Warga pun tak pernah menyangka jika rumah tersebut ditinggali oleh DN Aidit. Sebab selama ini Kasim pun terlihat sebagai tetangga yang baik. Bahkan warga tidak tahu jika ada tamu yang tinggal di rumah Kasim.
”Kami tahunya ya tiba-tiba ada banyak tentara yang datang. Pak Kasim awalnya keluar dan menemui tentara, setelah terdesak, itu (Aidit) keluar dari dalam rumah. Malam-malam jam 2 pagi. Paginya semua laki-laki juga dibawa tentara itu. Istri-istri saat itu kaget dan khawatir,” urai Prapto.
Prapto tengah mengenang peristiwa tersebut. Dimana saat itu dia masih kecil dan mendengar para orang dewasa selalu bercerita tentang peristiwa penangkapan Aidit ini.
Dia mengenang rumah yang dikontrak Kasim merupakan rumah sederhana. Rumah dengan lapisan dinding tembok setinggi satu meter dan sisanya ditutup dengan kayu. Ia mengingat betul kondisi rumah tersebut.
Sebab rumahnya yang saat itu ditinggali Kasim hanya berjarak satu pekarangan rumah dengan lebar tak sampai sepuluh meter.
Saat ini bangunan yang sempat ditinggali Aidit itu berubah total. Karena berganti pemilik, rumah ini diubah dengan bangunan yang lebih modern. ”Dulu rumah itu milik Bu Harjo, kemudian disewa Pak Kasim itu. Sekarang sudah ganti pemilik,” katanya.

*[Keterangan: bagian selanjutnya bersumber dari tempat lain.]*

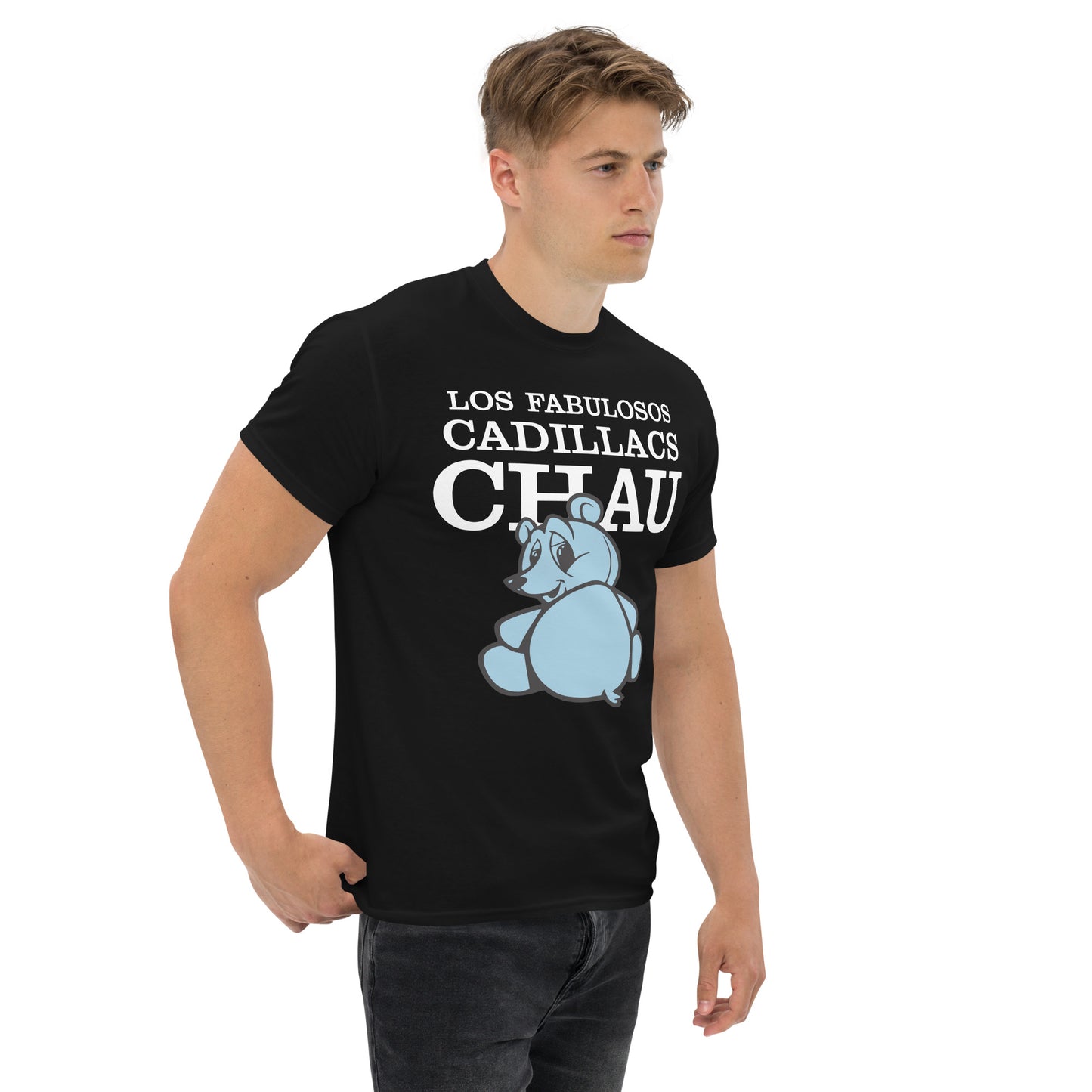 Los Fabulosos Cadillacs. Argentina. Algodón 100%. Corte Unisex. Negra. CAM2612.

Hubungan dekat DN Aidit dengan Solo
Ketua Solo Societeit Dani Saptoni, komunitas yang menggeluti tentang sejarah, mengatakan bahwa DN Aidit memang memiliki hubungan yang cukup erat dengan Kota Solo. Ia pernah tinggal selama beberapa tahun di Solo dan memiliki istri orang Solo.
”Dia memang sempat tinggal di Bumi, Laweyan. Bahkan istrinya pun orang Solo,” katanya.
Bahkan pasca-peristiwa PKI di Madiun tahun 1948, Aidit pernah ditangkap di daerah perempatan Pasar Legi dan kemudian dibawa untuk dikurung di Kantor Kecamatan Baki, Kabupaten Sukoharjo.
Namun, ia kemudian berhasil lolos dan bergabung dengan kekuatan kaum kiri. ”Itu jauh sebelum peristiwa tahun 1965,” katanya.
Menurut Dani, pelarian Aidit di tahun 1965 yang kemudian bersembunyi di Kampung Sambeng hanya sebuah kebetulan belaka. Hal ini merujuk pada beberapa literatur yang pernah ia baca. Aidit tertangkap di Sambeng karena kampung ini berlokasi di dekat Terminal Gilingan yang saat ini bernama Terminal Tirtonadi dan Stasiun Balapan. Saat itu Aidit hanya berniat singgah saja di Solo.
”Jadi mudah untuk pelarian karena lokasinya strategis. Kalau melihat fakta tertangkapnya DN Aidit, melalui acuan buku-buku yang saya baca, Aidit dimaksudkan di situ cuman transit. Nggak ada niatan menetap,” katanya.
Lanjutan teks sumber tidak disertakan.